Techadox will use reasonable efforts to secure, protect, and maintain the integrity of all data stored by Customer in accessing and using the Platform. Customer is solely responsible for the security of all Customer names and passwords that may be required to access and use the Platform. If the security of such information is comprised, Customer agrees to promptly notify Techadox.
- Equipment Costs.
Customer will be responsible for all equipment, network, and other costs necessary for Customer to access and use the Platform via the Internet.
- No Consulting Services.
Techadox will not be obligated to provide Customer with any consulting or other services related to the use of the Platform.
In performing and accepting services under these Customer Terms, Techadox and Customer may exchange technical, product, financial, and business information which is confidential or proprietary to them (“Confidential Information”). Confidential Information shall be limited to information clearly marked as confidential or proprietary, or information which is disclosed verbally and identified as confidential or proprietary when disclosed.
Techadox and Customer will hold all Confidential Information they receive from the other party in strict confidence and will only use it to perform their respective obligations and exercise their rights under this Agreement. Confidential Information may only be disclosed to employees, agents, consultants, and professional advisors who have a good faith need to know such information for the purposes of this Agreement, provided the person receiving the information has a confidentiality obligation to the disclosing party which is at least as stringent as the confidentiality terms of this Agreement. The receiving party shall protect and safeguard the Confidential Information against unauthorized disclosure by procedures no less stringent than those it uses for protecting its own confidential or proprietary information, and in any event by use of no less than a reasonable degree of care.

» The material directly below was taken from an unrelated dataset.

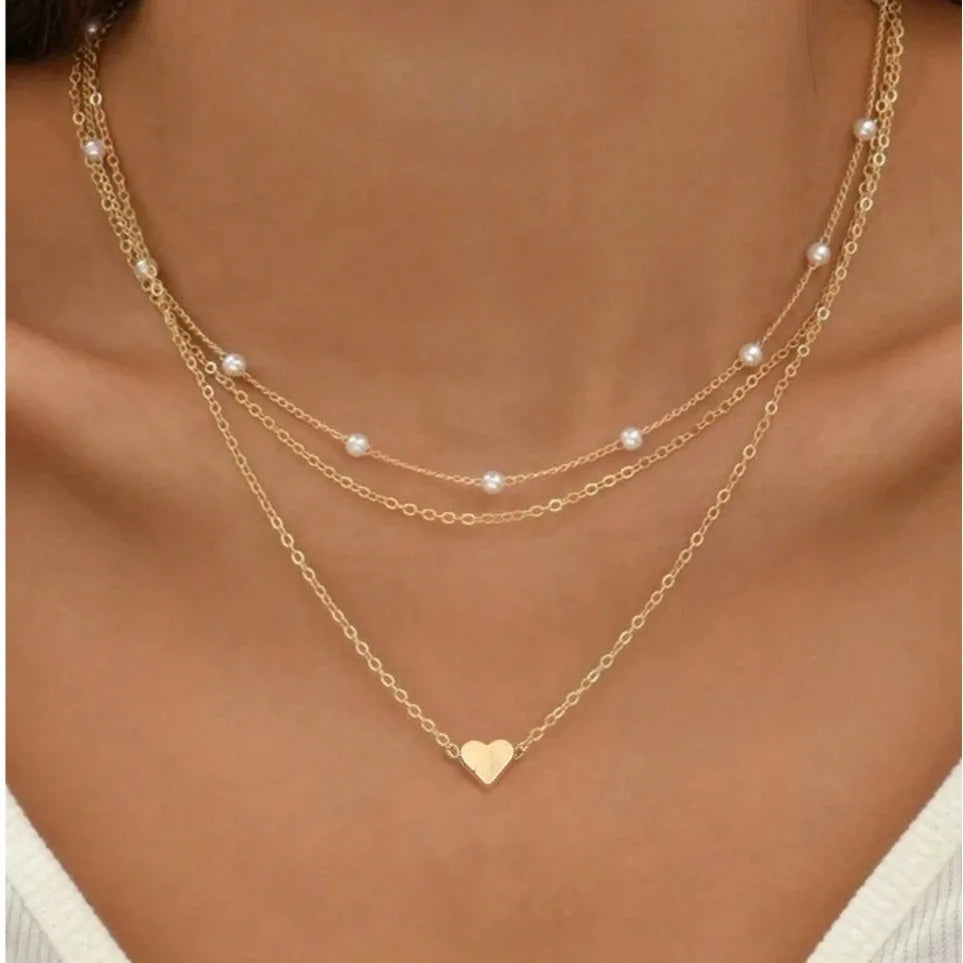 Conjunto de colar de pérolas feminino, 3 peças, ouro 14k, moda amor, coração, pingente, à prova d'água, hipoalergênico.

These Customer Terms impose no obligation with respect to information which: (a) was in the possession of, or was known by, the receiving party prior to its receipt from the discloser, without an obligation to maintain its confidentiality; (b) is or becomes generally known to the public without violation of these Customer Terms; (c) was obtained by the receiving party from a third party having the right to disclose it, without an obligation to keep such information confidential; or (d) is independently developed by the receiving party without the use of Confidential Information.

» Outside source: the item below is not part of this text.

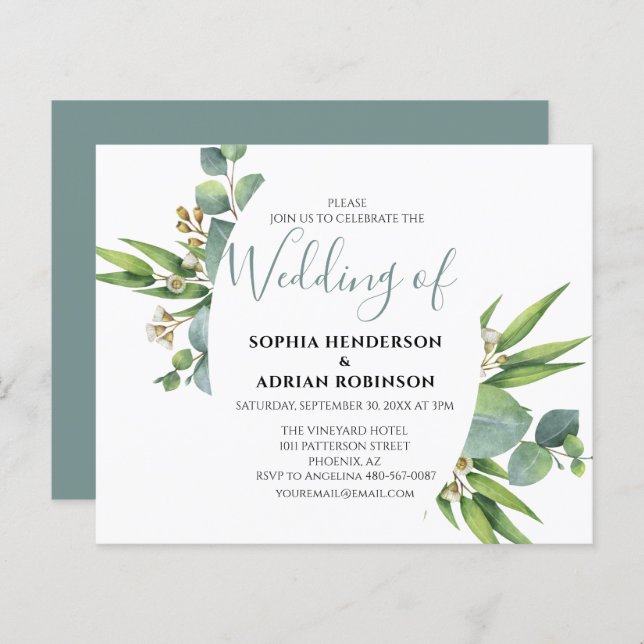 Budget Botanical Greenery Wedding Invitations (Front/Back)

Each party retains all intellectual property rights in and to its own Confidential Information.
The confidentiality provisions of these Customer Terms shall survive its termination for a period of five (5) years, except for the obligations of the parties regarding any trade secret information which shall survive indefinitely.

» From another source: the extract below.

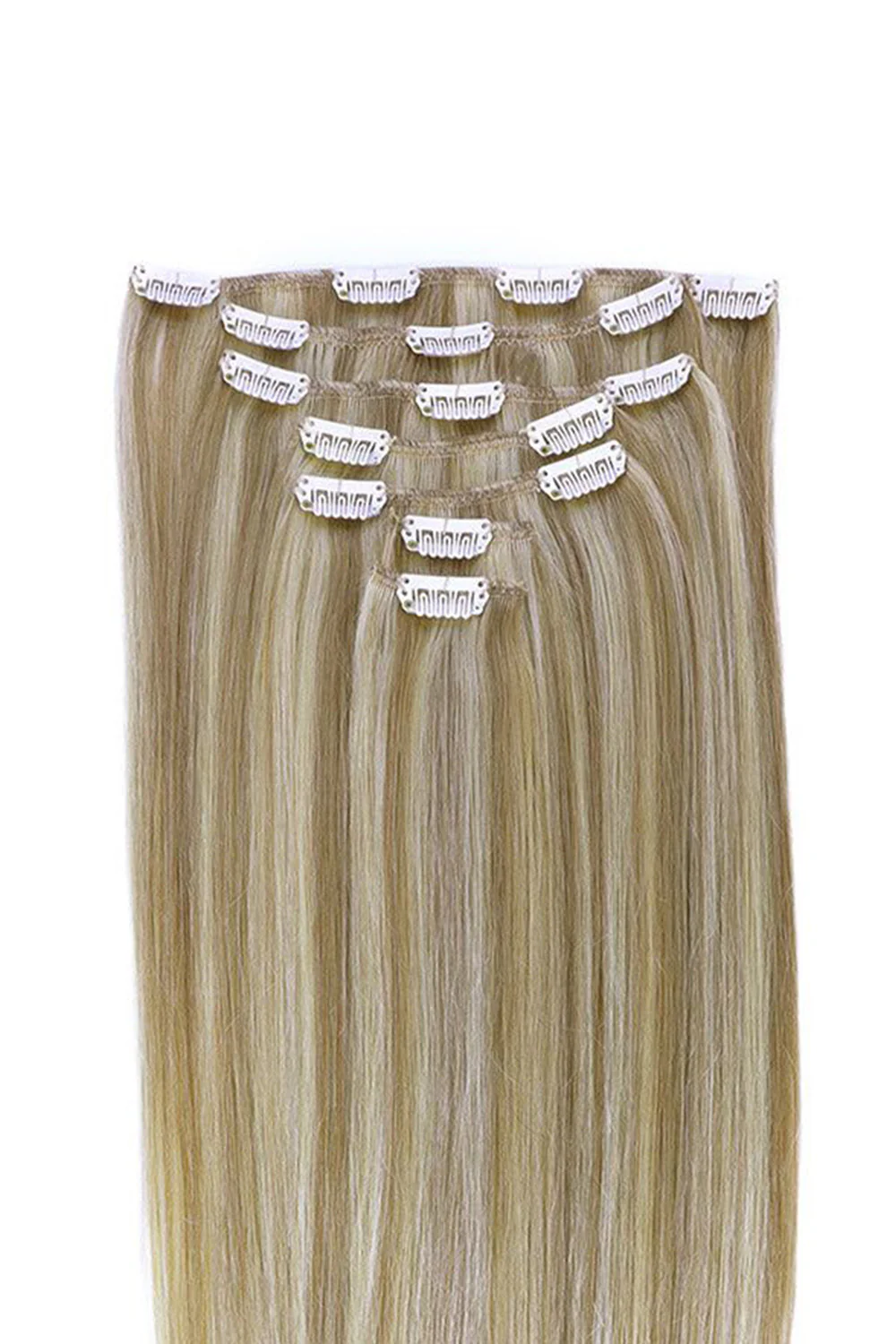 Highlighted Clip-in Extensions Blonde With Blonde Highlights Remy Hair - Image 3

- No Circumvention; Non-Interference.
12.1 Customer shall engage Technicians to perform Work Orders directly through the Platform only. Customer shall not communicate with any Technicians outside of the Platform for the purpose of avoiding any obligations under these Customer Terms or the Customer Agreement, including the obligation to pay any Techadox fees. Customer shall not take any actions which would circumvent the processing of payments through the Platform or prevent Techadox from collecting transaction fees due from a Technician.
12.2 For the term of Customer’s use of the Platform and two (2) years thereafter, Customer shall not directly or indirectly: (a) solicit for employment or contract services or hire any Technician to perform services similar to those offered by Technician through the platform, except for services to be performed pursuant to Work Orders via the Platform without the prior written consent of Techadox; nor (b) take any action which interferes with the contractual relationship between Techadox and any of its Technicians.
- Term and Termination.
These Customer Terms commence when Customer registers to use the Platform for the first time and continue in force until terminated by either party. Customer may terminate these Customer Terms immediately upon notice to Techadox at any time and for any reason. Techadox may terminate these Customer Terms immediately without any notice at any time and for any reason. Upon termination by either party, Customer’s rights to access and use the Platform will cease immediately. Upon any termination, Customer will not be relieved of any obligation to pay any fees due to Techadox which accrued before the termination date. If these Customer Terms are terminated for any reason, Techadox will make the Customer Data available for transmittal to Customer within a reasonable period after receiving a written request from Customer, provided such request is received within thirty (30) days following termination.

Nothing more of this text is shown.